Chanel #5 decides to drive home, where she is pursued by the Red Devil. In a parallel to the events in Hester's story, a trucker driving behind her honks his horn to scare off the Red Devil. The Red Devil fatally stabs the trucker with a machete.

Zayday and Earl Grey are passionately kissing on Zayday's bed until Earl goes to get a condom. Boone climbs through her bedroom window, trying to seduce Zayday, who realizes Boone is one of the Red Devils. Before he can make it back to Zayday's room, Earl is fatally stabbed by Boone, who is revealed as the Red Devil.

Boone tells Gigi that he has had had enough following her instructions. He is intent on murdering her with the help of the other Red Devil, but the other Red Devil stabs him in the chest.

Hester says that she will still have Chad get her pregnant. Angered, Chanel pushes Hester down the stairs, breaking her neck.

==Production==
Nick Jonas and Niecy Nash return as special guest stars, playing Boone Clemens, the former member of the Dickie Dollar Scholars who faked his death and the ally of the Red Devil, and Denise Hemphill, the kick-butt but odd security guard.

==Reception==
===Ratings===
Ghost Stories was watched live by 2.37 million U.S. viewers and got a 0.9 rating/3 share in the adult 18-49 demographic.

===Critical reception===
Ghost Stories receive generally positive review from critics.
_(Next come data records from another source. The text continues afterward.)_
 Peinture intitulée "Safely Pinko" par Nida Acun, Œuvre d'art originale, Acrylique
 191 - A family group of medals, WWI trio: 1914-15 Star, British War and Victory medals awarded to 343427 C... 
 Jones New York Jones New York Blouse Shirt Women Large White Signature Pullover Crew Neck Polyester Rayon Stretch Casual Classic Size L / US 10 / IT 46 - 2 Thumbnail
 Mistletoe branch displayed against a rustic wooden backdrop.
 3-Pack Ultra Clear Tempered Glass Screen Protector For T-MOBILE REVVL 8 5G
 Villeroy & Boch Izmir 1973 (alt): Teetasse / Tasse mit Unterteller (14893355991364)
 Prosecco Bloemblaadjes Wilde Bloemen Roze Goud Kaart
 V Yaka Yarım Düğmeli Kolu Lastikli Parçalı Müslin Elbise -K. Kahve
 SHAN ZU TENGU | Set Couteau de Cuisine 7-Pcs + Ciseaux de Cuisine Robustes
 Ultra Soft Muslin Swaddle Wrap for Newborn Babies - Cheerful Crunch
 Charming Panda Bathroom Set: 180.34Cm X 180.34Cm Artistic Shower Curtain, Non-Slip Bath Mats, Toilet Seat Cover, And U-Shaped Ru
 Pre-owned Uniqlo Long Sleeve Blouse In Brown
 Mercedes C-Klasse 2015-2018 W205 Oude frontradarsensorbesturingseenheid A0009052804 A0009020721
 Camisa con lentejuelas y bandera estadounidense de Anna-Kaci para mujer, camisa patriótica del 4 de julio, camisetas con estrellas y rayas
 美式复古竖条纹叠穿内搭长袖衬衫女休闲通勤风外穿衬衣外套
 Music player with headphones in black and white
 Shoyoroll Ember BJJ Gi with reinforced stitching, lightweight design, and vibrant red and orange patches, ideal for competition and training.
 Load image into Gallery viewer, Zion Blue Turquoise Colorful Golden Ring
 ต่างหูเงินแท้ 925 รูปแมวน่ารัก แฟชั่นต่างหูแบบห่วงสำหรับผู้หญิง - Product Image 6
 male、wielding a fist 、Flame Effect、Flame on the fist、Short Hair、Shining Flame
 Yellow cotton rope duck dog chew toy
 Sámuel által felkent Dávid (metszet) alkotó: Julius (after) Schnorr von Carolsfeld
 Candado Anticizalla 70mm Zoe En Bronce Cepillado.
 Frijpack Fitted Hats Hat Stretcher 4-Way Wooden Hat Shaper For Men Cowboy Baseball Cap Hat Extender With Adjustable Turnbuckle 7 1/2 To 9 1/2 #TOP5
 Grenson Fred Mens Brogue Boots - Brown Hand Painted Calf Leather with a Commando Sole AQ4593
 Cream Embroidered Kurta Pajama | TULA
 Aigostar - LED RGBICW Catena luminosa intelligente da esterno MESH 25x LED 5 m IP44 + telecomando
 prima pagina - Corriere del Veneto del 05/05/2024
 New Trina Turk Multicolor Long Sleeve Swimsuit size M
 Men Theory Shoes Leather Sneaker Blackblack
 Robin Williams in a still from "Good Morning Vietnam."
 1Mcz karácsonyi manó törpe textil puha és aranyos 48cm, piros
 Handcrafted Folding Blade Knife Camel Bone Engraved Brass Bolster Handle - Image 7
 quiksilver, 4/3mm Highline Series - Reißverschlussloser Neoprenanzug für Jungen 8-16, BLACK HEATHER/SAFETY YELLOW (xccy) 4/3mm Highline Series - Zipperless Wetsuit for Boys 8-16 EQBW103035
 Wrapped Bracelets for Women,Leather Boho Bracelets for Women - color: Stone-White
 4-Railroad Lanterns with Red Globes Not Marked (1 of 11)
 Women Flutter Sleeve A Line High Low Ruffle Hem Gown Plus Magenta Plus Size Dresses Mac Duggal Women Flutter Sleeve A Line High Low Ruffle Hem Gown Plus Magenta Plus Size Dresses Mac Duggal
Terri Schwartz from IGN gave the episode 8.0 out of 10, stated "Though Scream Queens still feels like it can't move the plot forward quickly without giving away the killer, "Ghost Stories" provided some fun new details without being completely focused on the murder mystery." LaToya Ferguson from The A.V. club gave the episode B, noting "it’s easy to assume that Ryan Murphy (who penned this episode) doesn’t know what lampshading is; this episode’s so meta that if he did know, Kappa Kappa Tau would likely have gotten a home décor delivery by the beginning of Act Three."